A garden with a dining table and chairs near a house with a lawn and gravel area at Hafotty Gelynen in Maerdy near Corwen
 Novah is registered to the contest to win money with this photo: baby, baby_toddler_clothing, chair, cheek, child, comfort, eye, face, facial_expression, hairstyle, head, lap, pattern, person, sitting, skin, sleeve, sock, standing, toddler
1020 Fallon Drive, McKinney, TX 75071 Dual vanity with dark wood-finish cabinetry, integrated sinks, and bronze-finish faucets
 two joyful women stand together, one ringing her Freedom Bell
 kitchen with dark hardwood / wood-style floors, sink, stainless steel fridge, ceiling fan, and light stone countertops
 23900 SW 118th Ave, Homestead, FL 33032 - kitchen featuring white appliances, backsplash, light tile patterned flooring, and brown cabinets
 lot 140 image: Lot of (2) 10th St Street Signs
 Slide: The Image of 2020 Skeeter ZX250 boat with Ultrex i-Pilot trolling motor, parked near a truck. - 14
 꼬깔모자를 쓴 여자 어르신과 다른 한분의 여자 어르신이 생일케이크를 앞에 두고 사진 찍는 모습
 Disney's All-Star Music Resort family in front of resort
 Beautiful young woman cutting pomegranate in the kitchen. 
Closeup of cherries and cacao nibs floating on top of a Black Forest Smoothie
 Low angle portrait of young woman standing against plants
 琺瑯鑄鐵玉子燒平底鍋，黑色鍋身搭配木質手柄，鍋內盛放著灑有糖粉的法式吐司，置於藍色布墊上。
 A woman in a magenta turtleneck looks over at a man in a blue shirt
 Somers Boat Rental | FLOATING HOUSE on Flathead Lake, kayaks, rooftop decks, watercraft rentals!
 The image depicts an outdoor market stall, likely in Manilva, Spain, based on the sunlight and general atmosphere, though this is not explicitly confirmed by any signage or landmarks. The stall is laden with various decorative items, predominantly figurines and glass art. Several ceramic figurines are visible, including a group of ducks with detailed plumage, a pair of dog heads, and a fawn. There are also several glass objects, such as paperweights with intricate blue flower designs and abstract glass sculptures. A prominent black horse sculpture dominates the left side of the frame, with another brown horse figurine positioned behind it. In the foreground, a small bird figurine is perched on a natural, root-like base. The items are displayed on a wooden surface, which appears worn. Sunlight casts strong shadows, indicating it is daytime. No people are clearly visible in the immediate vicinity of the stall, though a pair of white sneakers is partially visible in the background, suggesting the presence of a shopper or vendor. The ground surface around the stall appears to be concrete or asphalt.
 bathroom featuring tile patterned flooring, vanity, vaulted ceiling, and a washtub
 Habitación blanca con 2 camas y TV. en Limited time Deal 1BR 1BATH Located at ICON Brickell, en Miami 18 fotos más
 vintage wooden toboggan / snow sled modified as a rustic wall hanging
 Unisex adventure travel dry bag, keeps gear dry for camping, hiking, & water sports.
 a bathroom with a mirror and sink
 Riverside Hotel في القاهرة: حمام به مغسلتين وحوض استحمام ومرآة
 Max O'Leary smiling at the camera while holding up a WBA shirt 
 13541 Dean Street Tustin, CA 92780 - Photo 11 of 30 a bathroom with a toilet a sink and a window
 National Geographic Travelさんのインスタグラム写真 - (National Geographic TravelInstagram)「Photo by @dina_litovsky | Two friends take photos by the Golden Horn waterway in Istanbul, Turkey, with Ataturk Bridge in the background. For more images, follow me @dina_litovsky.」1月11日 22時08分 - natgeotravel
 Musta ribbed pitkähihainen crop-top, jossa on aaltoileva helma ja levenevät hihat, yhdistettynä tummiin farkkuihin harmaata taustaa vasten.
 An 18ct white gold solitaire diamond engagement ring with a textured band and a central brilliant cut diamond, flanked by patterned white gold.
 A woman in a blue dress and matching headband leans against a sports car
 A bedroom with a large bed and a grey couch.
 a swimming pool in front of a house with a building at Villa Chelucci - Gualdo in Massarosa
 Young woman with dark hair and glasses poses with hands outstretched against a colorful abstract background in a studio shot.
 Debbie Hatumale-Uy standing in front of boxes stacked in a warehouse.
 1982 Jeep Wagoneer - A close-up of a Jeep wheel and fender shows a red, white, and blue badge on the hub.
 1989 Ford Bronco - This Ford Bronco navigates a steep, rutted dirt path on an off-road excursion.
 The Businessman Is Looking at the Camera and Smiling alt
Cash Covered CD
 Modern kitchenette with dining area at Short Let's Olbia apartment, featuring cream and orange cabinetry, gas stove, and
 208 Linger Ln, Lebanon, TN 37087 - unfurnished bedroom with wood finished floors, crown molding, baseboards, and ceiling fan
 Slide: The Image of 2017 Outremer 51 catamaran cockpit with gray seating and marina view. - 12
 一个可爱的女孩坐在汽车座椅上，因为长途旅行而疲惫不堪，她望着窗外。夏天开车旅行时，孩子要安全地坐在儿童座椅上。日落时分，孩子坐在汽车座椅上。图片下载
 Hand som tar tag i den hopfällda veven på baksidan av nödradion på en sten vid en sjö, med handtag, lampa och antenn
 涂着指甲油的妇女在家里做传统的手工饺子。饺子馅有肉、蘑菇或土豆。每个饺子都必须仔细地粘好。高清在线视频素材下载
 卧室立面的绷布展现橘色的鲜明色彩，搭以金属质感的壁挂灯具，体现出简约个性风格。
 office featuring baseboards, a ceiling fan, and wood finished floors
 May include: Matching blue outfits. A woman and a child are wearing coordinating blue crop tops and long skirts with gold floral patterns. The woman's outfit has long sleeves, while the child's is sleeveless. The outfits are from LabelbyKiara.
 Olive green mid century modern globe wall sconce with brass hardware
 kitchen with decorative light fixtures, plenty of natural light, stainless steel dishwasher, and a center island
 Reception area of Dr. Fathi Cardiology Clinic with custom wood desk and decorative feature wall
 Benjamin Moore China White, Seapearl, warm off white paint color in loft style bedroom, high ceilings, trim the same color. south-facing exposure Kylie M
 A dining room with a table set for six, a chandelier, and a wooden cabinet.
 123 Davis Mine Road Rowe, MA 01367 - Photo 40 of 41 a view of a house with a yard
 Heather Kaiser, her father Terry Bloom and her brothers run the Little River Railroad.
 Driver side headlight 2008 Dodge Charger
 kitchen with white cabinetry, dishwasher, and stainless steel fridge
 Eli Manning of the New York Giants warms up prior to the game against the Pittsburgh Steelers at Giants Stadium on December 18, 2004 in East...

- _TASK PROMPT_:
Give the data again exactly, line for line.

- _YOUR RESPONSE_:
A garden with a dining table and chairs near a house with a lawn and gravel area at Hafotty Gelynen in Maerdy near Corwen
 Novah is registered to the contest to win money with this photo: baby, baby_toddler_clothing, chair, cheek, child, comfort, eye, face, facial_expression, hairstyle, head, lap, pattern, person, sitting, skin, sleeve, sock, standing, toddler
1020 Fallon Drive, McKinney, TX 75071 Dual vanity with dark wood-finish cabinetry, integrated sinks, and bronze-finish faucets
 two joyful women stand together, one ringing her Freedom Bell
 kitchen with dark hardwood / wood-style floors, sink, stainless steel fridge, ceiling fan, and light stone countertops
 23900 SW 118th Ave, Homestead, FL 33032 - kitchen featuring white appliances, backsplash, light tile patterned flooring, and brown cabinets
 lot 140 image: Lot of (2) 10th St Street Signs
 Slide: The Image of 2020 Skeeter ZX250 boat with Ultrex i-Pilot trolling motor, parked near a truck. - 14
 꼬깔모자를 쓴 여자 어르신과 다른 한분의 여자 어르신이 생일케이크를 앞에 두고 사진 찍는 모습
 Disney's All-Star Music Resort family in front of resort
 Beautiful young woman cutting pomegranate in the kitchen. 
Closeup of cherries and cacao nibs floating on top of a Black Forest Smoothie
 Low angle portrait of young woman standing against plants
 琺瑯鑄鐵玉子燒平底鍋，黑色鍋身搭配木質手柄，鍋內盛放著灑有糖粉的法式吐司，置於藍色布墊上。
 A woman in a magenta turtleneck looks over at a man in a blue shirt
 Somers Boat Rental | FLOATING HOUSE on Flathead Lake, kayaks, rooftop decks, watercraft rentals!
 The image depicts an outdoor market stall, likely in Manilva, Spain, based on the sunlight and general atmosphere, though this is not explicitly confirmed by any signage or landmarks. The stall is laden with various decorative items, predominantly figurines and glass art. Several ceramic figurines are visible, including a group of ducks with detailed plumage, a pair of dog heads, and a fawn. There are also several glass objects, such as paperweights with intricate blue flower designs and abstract glass sculptures. A prominent black horse sculpture dominates the left side of the frame, with another brown horse figurine positioned behind it. In the foreground, a small bird figurine is perched on a natural, root-like base. The items are displayed on a wooden surface, which appears worn. Sunlight casts strong shadows, indicating it is daytime. No people are clearly visible in the immediate vicinity of the stall, though a pair of white sneakers is partially visible in the background, suggesting the presence of a shopper or vendor. The ground surface around the stall appears to be concrete or asphalt.
 bathroom featuring tile patterned flooring, vanity, vaulted ceiling, and a washtub
 Habitación blanca con 2 camas y TV. en Limited time Deal 1BR 1BATH Located at ICON Brickell, en Miami 18 fotos más
 vintage wooden toboggan / snow sled modified as a rustic wall hanging
 Unisex adventure travel dry bag, keeps gear dry for camping, hiking, & water sports.
 a bathroom with a mirror and sink
 Riverside Hotel في القاهرة: حمام به مغسلتين وحوض استحمام ومرآة
 Max O'Leary smiling at the camera while holding up a WBA shirt 
 13541 Dean Street Tustin, CA 92780 - Photo 11 of 30 a bathroom with a toilet a sink and a window
 National Geographic Travelさんのインスタグラム写真 - (National Geographic TravelInstagram)「Photo by @dina_litovsky | Two friends take photos by the Golden Horn waterway in Istanbul, Turkey, with Ataturk Bridge in the background. For more images, follow me @dina_litovsky.」1月11日 22時08分 - natgeotravel
 Musta ribbed pitkähihainen crop-top, jossa on aaltoileva helma ja levenevät hihat, yhdistettynä tummiin farkkuihin harmaata taustaa vasten.
 An 18ct white gold solitaire diamond engagement ring with a textured band and a central brilliant cut diamond, flanked by patterned white gold.
 A woman in a blue dress and matching headband leans against a sports car
 A bedroom with a large bed and a grey couch.
 a swimming pool in front of a house with a building at Villa Chelucci - Gualdo in Massarosa
 Young woman with dark hair and glasses poses with hands outstretched against a colorful abstract background in a studio shot.
 Debbie Hatumale-Uy standing in front of boxes stacked in a warehouse.
 1982 Jeep Wagoneer - A close-up of a Jeep wheel and fender shows a red, white, and blue badge on the hub.
 1989 Ford Bronco - This Ford Bronco navigates a steep, rutted dirt path on an off-road excursion.
 The Businessman Is Looking at the Camera and Smiling alt
Cash Covered CD
 Modern kitchenette with dining area at Short Let's Olbia apartment, featuring cream and orange cabinetry, gas stove, and
 208 Linger Ln, Lebanon, TN 37087 - unfurnished bedroom with wood finished floors, crown molding, baseboards, and ceiling fan
 Slide: The Image of 2017 Outremer 51 catamaran cockpit with gray seating and marina view. - 12
 一个可爱的女孩坐在汽车座椅上，因为长途旅行而疲惫不堪，她望着窗外。夏天开车旅行时，孩子要安全地坐在儿童座椅上。日落时分，孩子坐在汽车座椅上。图片下载
 Hand som tar tag i den hopfällda veven på baksidan av nödradion på en sten vid en sjö, med handtag, lampa och antenn
 涂着指甲油的妇女在家里做传统的手工饺子。饺子馅有肉、蘑菇或土豆。每个饺子都必须仔细地粘好。高清在线视频素材下载
 卧室立面的绷布展现橘色的鲜明色彩，搭以金属质感的壁挂灯具，体现出简约个性风格。
 office featuring baseboards, a ceiling fan, and wood finished floors
 May include: Matching blue outfits. A woman and a child are wearing coordinating blue crop tops and long skirts with gold floral patterns. The woman's outfit has long sleeves, while the child's is sleeveless. The outfits are from LabelbyKiara.
 Olive green mid century modern globe wall sconce with brass hardware
 kitchen with decorative light fixtures, plenty of natural light, stainless steel dishwasher, and a center island
 Reception area of Dr. Fathi Cardiology Clinic with custom wood desk and decorative feature wall
 Benjamin Moore China White, Seapearl, warm off white paint color in loft style bedroom, high ceilings, trim the same color. south-facing exposure Kylie M
 A dining room with a table set for six, a chandelier, and a wooden cabinet.
 123 Davis Mine Road Rowe, MA 01367 - Photo 40 of 41 a view of a house with a yard
 Heather Kaiser, her father Terry Bloom and her brothers run the Little River Railroad.
 Driver side headlight 2008 Dodge Charger
 kitchen with white cabinetry, dishwasher, and stainless steel fridge
 Eli Manning of the New York Giants warms up prior to the game against the Pittsburgh Steelers at Giants Stadium on December 18, 2004 in East...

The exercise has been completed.